● Source records:
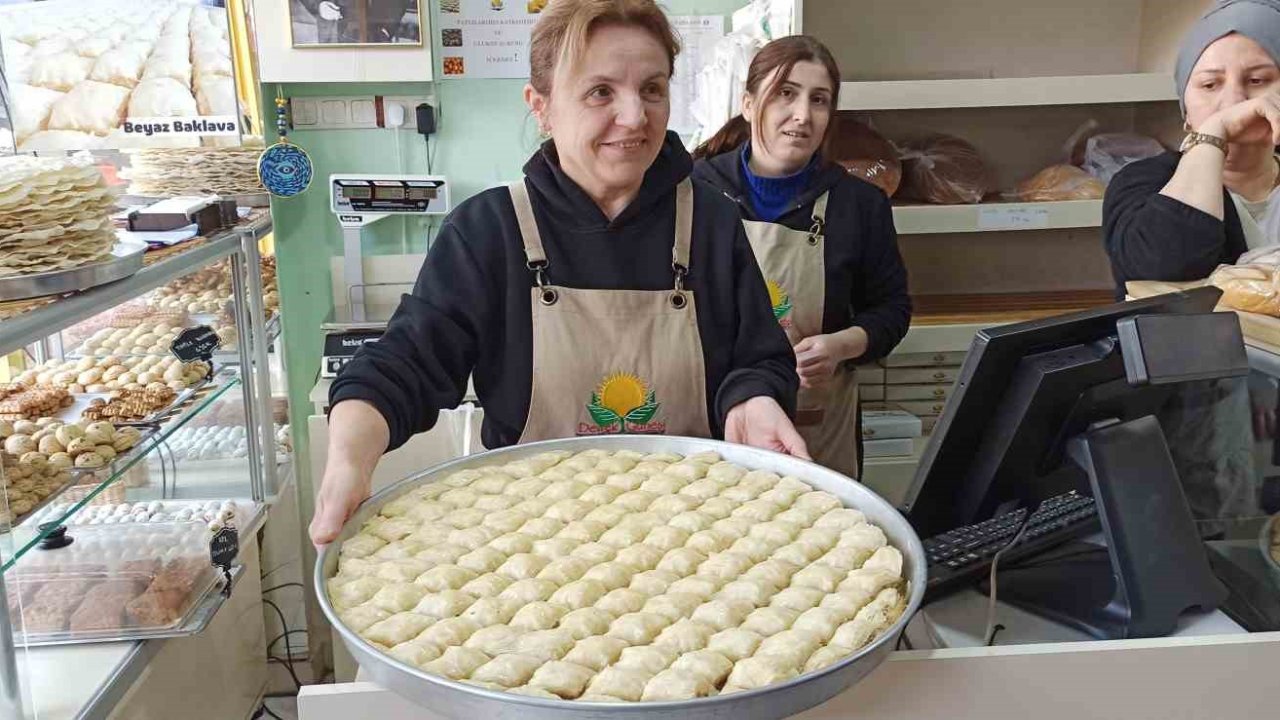 Devrek’in tescilli beyaz baklavası bayram sofralarına hazırlanıyor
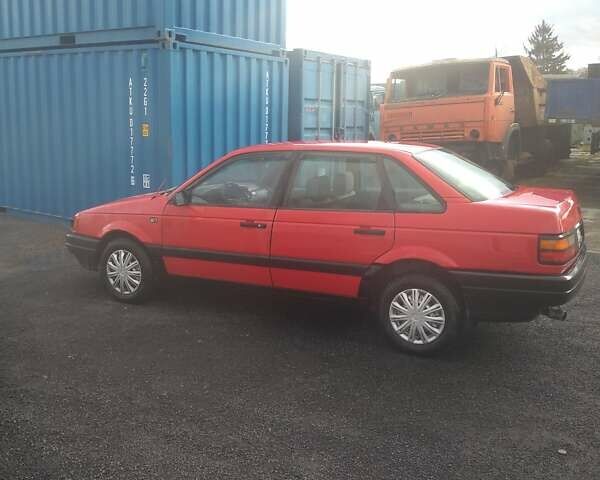 Червоний Фольксваген Пассат, об'ємом двигуна 1.78 л та пробігом 111 тис. км за 2100 $, фото 3 на Automoto.ua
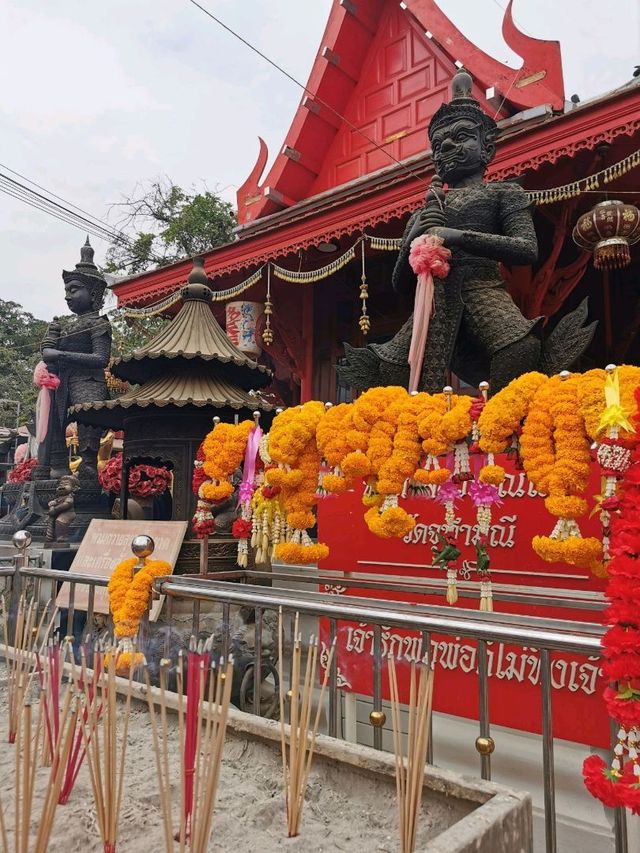 ไหว้พระ ขอโชค วัดจุฬามณี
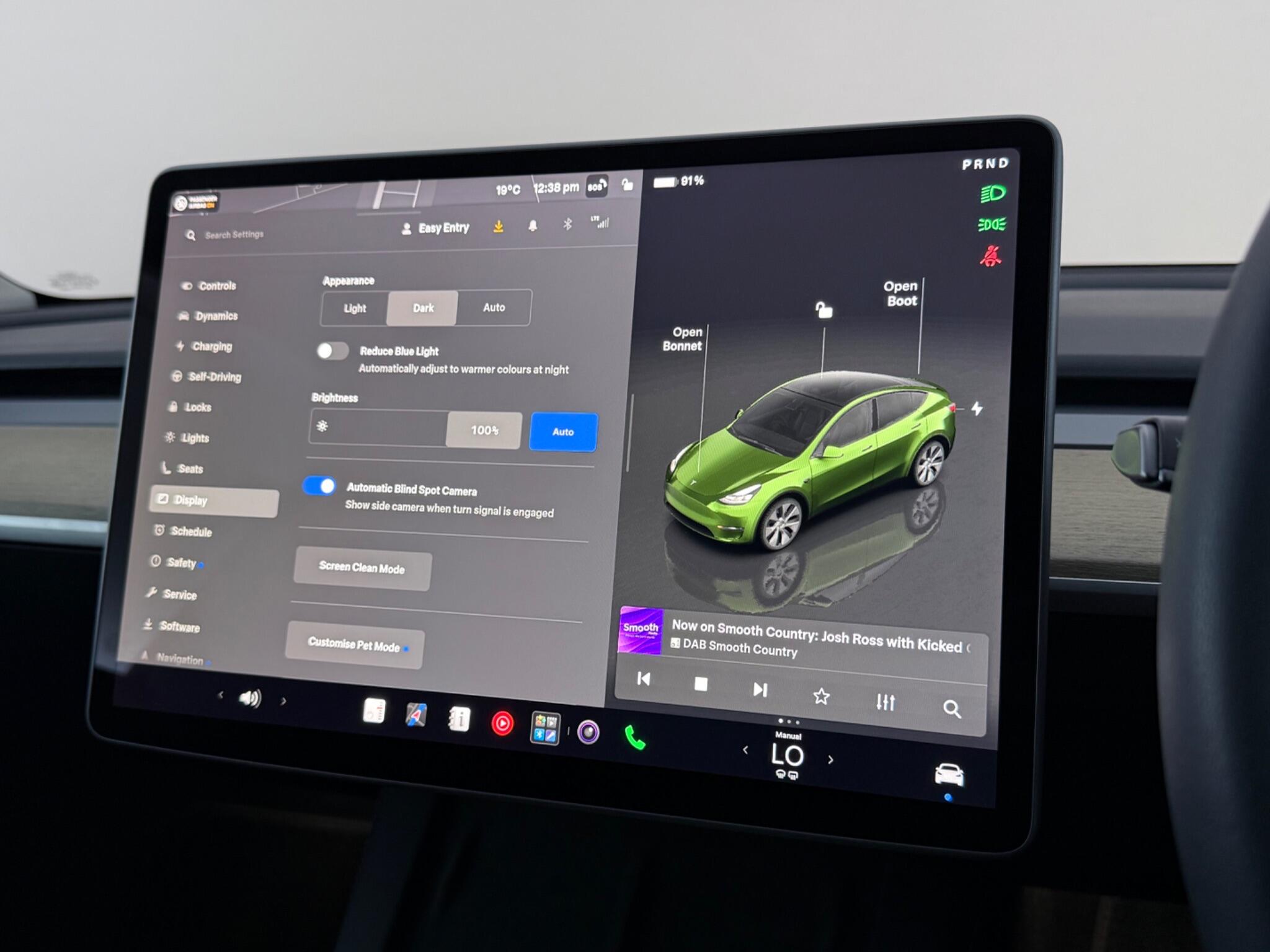 Tesla Model Y view 24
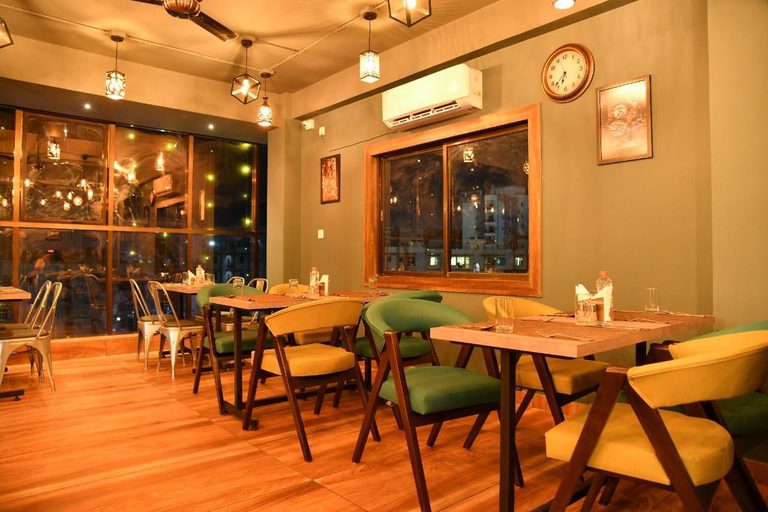 Food & Drinks 5, SILVER REGENCY, Kamrup Metropolitan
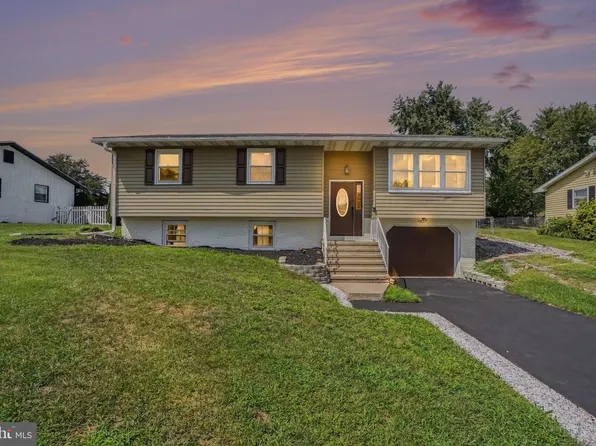 3220 S Scenic Rd, Harrisburg, PA 17109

● Exercise brief:
For this exercise, transcribe the entries verbatim and skip all pictures.

● Output for this task:
 Devrek’in tescilli beyaz baklavası bayram sofralarına hazırlanıyor
 Червоний Фольксваген Пассат, об'ємом двигуна 1.78 л та пробігом 111 тис. км за 2100 $, фото 3 на Automoto.ua
 ไหว้พระ ขอโชค วัดจุฬามณี
 Tesla Model Y view 24
 Food & Drinks 5, SILVER REGENCY, Kamrup Metropolitan
 3220 S Scenic Rd, Harrisburg, PA 17109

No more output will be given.